Exercise brief =>
Reproduce the data below line by line, from its first line to the line with "Panier de yoplait", both included, and nothing past that point.

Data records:

-- Opening Marker --

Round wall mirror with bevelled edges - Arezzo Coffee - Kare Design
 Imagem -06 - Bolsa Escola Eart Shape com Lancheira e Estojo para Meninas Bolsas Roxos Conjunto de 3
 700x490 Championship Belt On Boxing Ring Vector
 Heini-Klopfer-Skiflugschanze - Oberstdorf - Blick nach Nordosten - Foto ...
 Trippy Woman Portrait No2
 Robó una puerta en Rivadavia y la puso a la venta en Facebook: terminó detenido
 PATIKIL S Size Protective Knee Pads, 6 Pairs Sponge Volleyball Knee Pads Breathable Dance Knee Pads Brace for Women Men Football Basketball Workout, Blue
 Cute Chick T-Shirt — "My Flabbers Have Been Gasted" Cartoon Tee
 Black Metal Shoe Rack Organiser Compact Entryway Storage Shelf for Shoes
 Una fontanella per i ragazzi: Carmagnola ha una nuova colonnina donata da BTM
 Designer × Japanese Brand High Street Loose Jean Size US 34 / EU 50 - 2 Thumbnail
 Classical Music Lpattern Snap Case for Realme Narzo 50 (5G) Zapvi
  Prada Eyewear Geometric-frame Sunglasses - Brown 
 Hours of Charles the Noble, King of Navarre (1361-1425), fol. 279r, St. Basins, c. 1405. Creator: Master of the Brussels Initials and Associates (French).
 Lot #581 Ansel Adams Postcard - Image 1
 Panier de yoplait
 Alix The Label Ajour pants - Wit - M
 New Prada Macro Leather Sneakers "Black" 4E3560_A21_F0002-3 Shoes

-- Closing Marker --

Completed task =>
Round wall mirror with bevelled edges - Arezzo Coffee - Kare Design
 Imagem -06 - Bolsa Escola Eart Shape com Lancheira e Estojo para Meninas Bolsas Roxos Conjunto de 3
 700x490 Championship Belt On Boxing Ring Vector
 Heini-Klopfer-Skiflugschanze - Oberstdorf - Blick nach Nordosten - Foto ...
 Trippy Woman Portrait No2
 Robó una puerta en Rivadavia y la puso a la venta en Facebook: terminó detenido
 PATIKIL S Size Protective Knee Pads, 6 Pairs Sponge Volleyball Knee Pads Breathable Dance Knee Pads Brace for Women Men Football Basketball Workout, Blue
 Cute Chick T-Shirt — "My Flabbers Have Been Gasted" Cartoon Tee
 Black Metal Shoe Rack Organiser Compact Entryway Storage Shelf for Shoes
 Una fontanella per i ragazzi: Carmagnola ha una nuova colonnina donata da BTM
 Designer × Japanese Brand High Street Loose Jean Size US 34 / EU 50 - 2 Thumbnail
 Classical Music Lpattern Snap Case for Realme Narzo 50 (5G) Zapvi
  Prada Eyewear Geometric-frame Sunglasses - Brown 
 Hours of Charles the Noble, King of Navarre (1361-1425), fol. 279r, St. Basins, c. 1405. Creator: Master of the Brussels Initials and Associates (French).
 Lot #581 Ansel Adams Postcard - Image 1
 Panier de yoplait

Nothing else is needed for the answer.